EXERCISE INSTRUCTIONS: Please transcribe the listing that follows exactly; images are to be excluded.

DATA:
▬▬▬▬▬▬

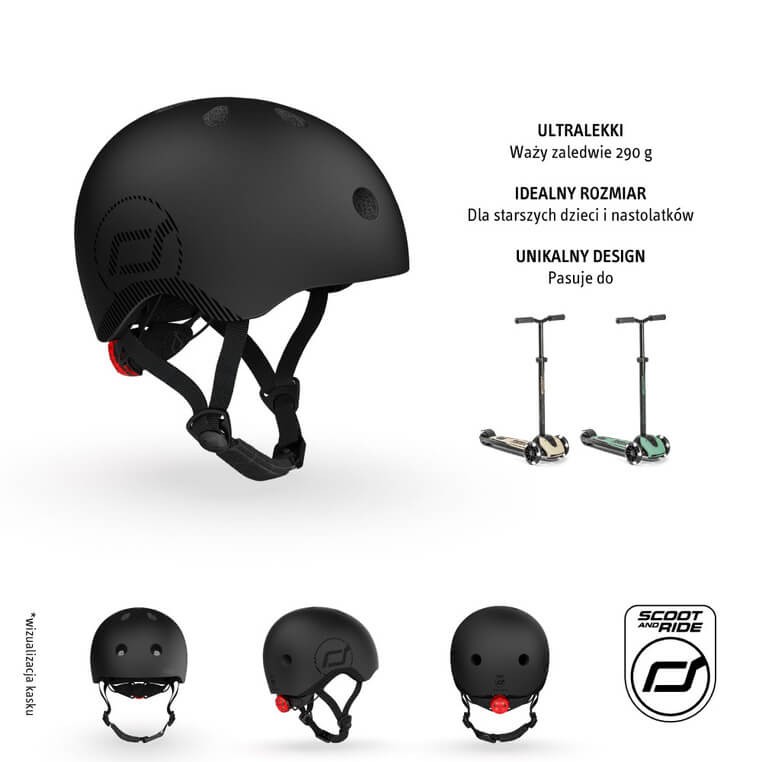 Kask M-L starszych dzieci i nastolatków Black / Scoot&Ride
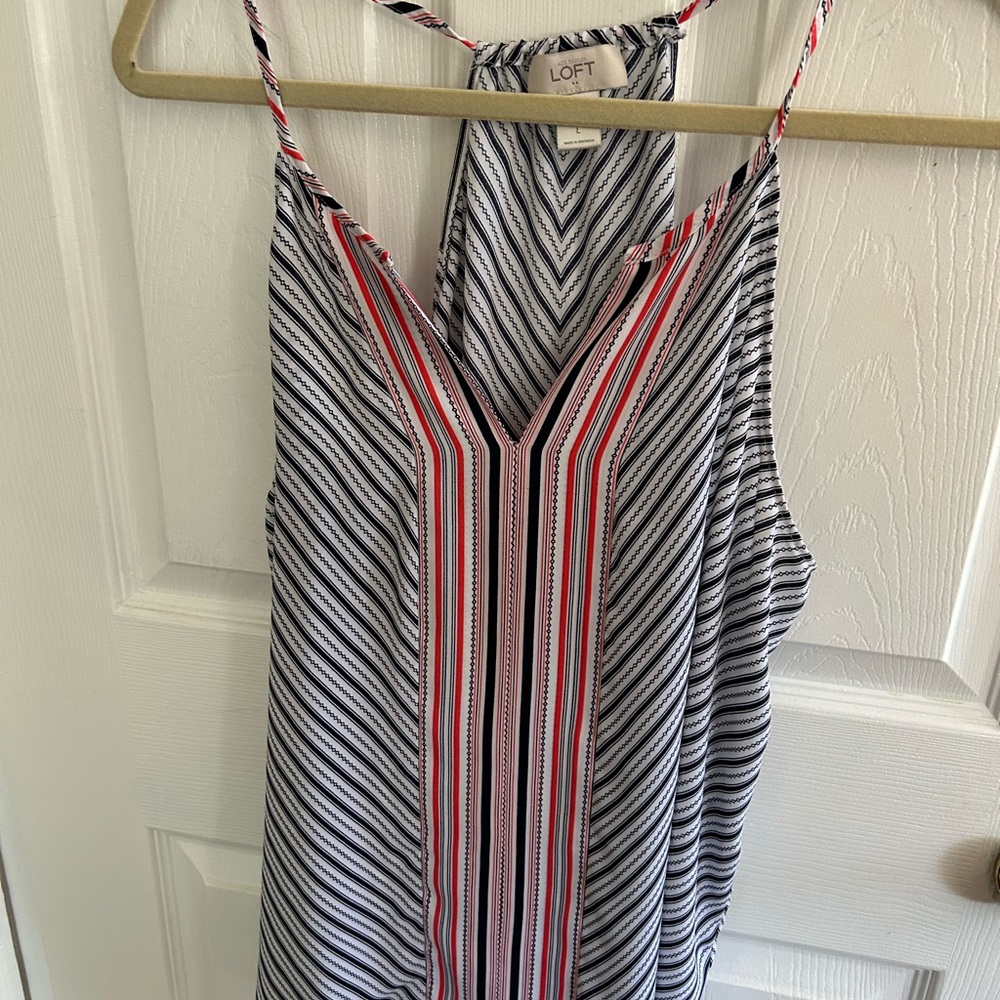 LOFT Striped Tank Top - Black, White, Red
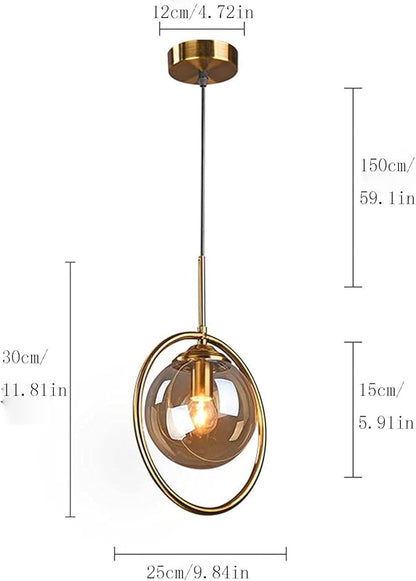 Pendant Light Modern Minimalist Hanging Lamp with Spherical Glass Shade and Brass Metal Ring Adjustable Height for Dining Room Bedroom Living Room (Amber)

▬▬▬▬▬▬

REPLY TO THE EXERCISE:
 Kask M-L starszych dzieci i nastolatków Black / Scoot&Ride
 LOFT Striped Tank Top - Black, White, Red
 Pendant Light Modern Minimalist Hanging Lamp with Spherical Glass Shade and Brass Metal Ring Adjustable Height for Dining Room Bedroom Living Room (Amber)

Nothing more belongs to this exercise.